Did the American Civil War never quite end?
Most of us have been baffled by the political row in America that forced the Government to shut down completely for 16 days and took $24 billion out of the U.S. economy. The financial services company, Standard & Poor (we rather like the name), said the shutdown reduced projected fourth-quarter GDP growth from 3 percent to 2.4 percent. Not, you would think, a Good Thing.
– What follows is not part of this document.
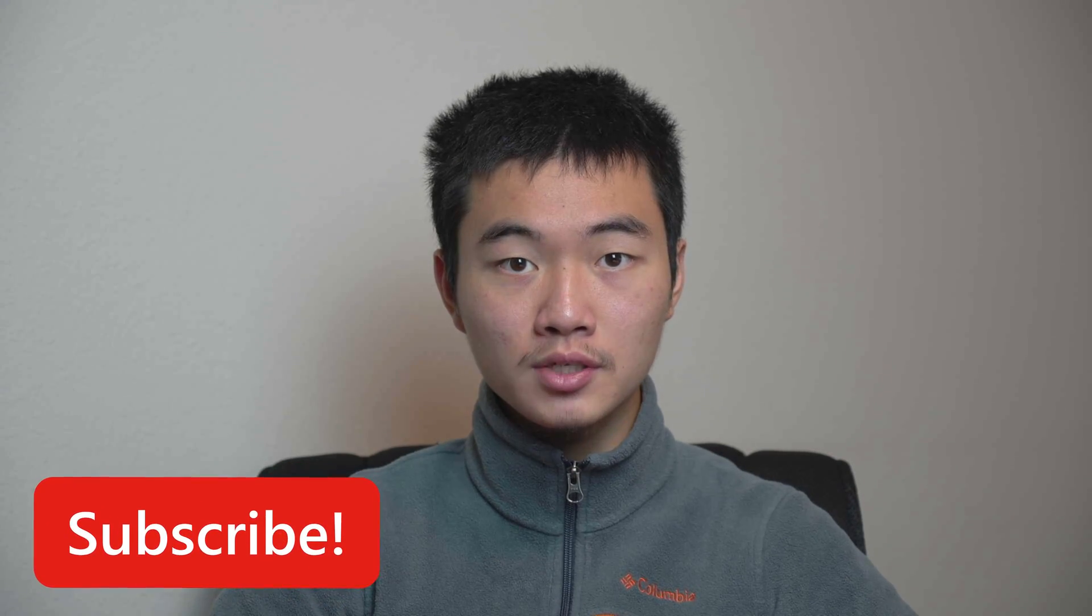If these videos were helpful to you, please consider subscribing to this channel down below. With that said, thank you very much for watching, and I hope to see you in future videos.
It came about because the loony fringe Tea Party, on the right wing of the Republican party, declared that the Government was insolvent and insisted that it must close unless it could immediately paid its debts. That is like telling Greece to shape up and pay up, right now – and of course, it couldn’t be done. International economics doesn’t run on real money, it’s an agreed balance of indebtedness. President Obama struggled to find a way out, and finally signed legislation that extended the credit limit until Feb. 7, 2014. But then what?
One would think that pursuing tax evasion cheats would be a first step towards accessing some funds, but the Congressional Budget Office is horrified by a casual admission that tax will not be pursued, although every form of social service will be drastically reduced. Offshore tax havens alone cost the U.S. Treasury $90 billion a year, all of it untaxed in the United States. Yet the myth of the undeserving poor persists, and millions of people in the US are facing an infinitely harder time.
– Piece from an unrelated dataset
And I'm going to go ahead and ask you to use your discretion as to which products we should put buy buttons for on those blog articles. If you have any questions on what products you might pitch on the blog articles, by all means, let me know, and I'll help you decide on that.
Just to make things worse, a couple of weekends ago, low-income shoppers in 17 states were unable to use their electronic food stamp debit cards. Panic set in. Did the deadlock in Washington mean nutritional assistance was gone for good? In fact, the cause was a glitch at Xerox, the private company that provides computing services for the state welfare agencies. But the bigger picture is an ominous one.
Thom Hartmann said on TV that the Tea Party radicals in Washington today are rebooting ‘the same government obstructionist strategies that have been around since the early days of slavery.’ Hartmann would like to see the Tea Party and its home territory of ‘blue’ America secede from the rest of the United States. Without them, the US could return ‘fulfilling the dreams and visions that our Founding Fathers had. It’s time,’ he said, ‘to let small-minded bigots go back to their plantation-style economies and let them run their states like third-world countries.’
It seems the American Civil War never quite ended.